- Born: 1954 (age 71–72)
- Known for: British anti-cult activist

= Graham Baldwin =

British anti-cult activist

Graham Baldwin (born c. 1954) is a British anti-cult activist who formed and directs the South London organization Catalyst Counseling, commonly called Catalyst, which received charity status in Britain in 1995. Catalyst primarily provides "exit counseling" to ex-cultists, but occasionally Baldwin would be consulted for news organizations, court cases, etc. Baldwin was a university chaplain. Baldwin has been called an "exit counsellor" by some newspapers like The Times and The Telegraph.

== Catalyst and anti-cult activity ==
Baldwin has been the director of Catalyst since its formation in late 1993. Catalyst offers exit counseling services to former members of new religious movements.
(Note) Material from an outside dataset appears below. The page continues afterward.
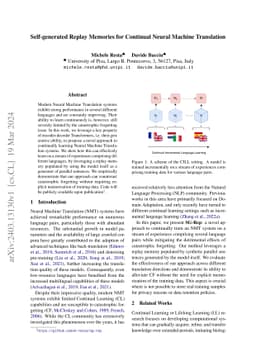 Self-generated Replay Memories for Continual Neural Machine Translation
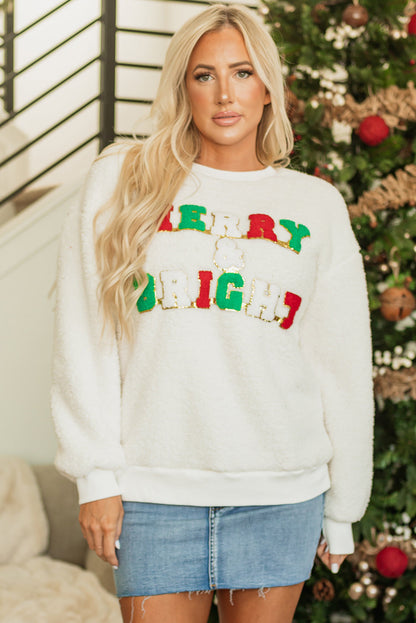 Christmas MERRY & Bright Chenille Sherpa Sweatshirt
Baldwin and Catalyst do not support deprogramming on its surface, but the charity has been accused of doing it anyway.

In 1997, Baldwin traveled to Portugal to help retrieve some children from a new religious movement for a British woman.

In July 2000, Baldwin was involved in an incident with the Jesus Christians and their supposed kidnapping of Bobby Kelly, a British 16-year-old who met some Jesus Christians at a shopping mall. His grandmother, in an article in the Daily Express, attested that the Jesus Christians told him to give up everything including family. On 27 July 2000, Bobby Kelly was identified as an inhabitant of a tent in a forest on the Surrey-Hampshire border near Mytchett. The two people who originally made contact with Kelly, Susan (Sue) and Roland Gianstefani, were sentenced to six-month suspended sentences for their part in the "kidnapping." In a note that he passed to the judge who handed down the sentence, Kelly wrote that they were protecting him against Baldwin, who they perceived was dangerous. The leader of the Jesus Christians, David McKay, and other Jesus Christians believed that Catalyst and Baldwin were trying to deprogram Kelly. Media producer Jon Ronson attempted to cover the story in an article in The Guardian in January 2006; however, it was never published because of Baldwin's presence in the article and his previous libel actions against the newspaper.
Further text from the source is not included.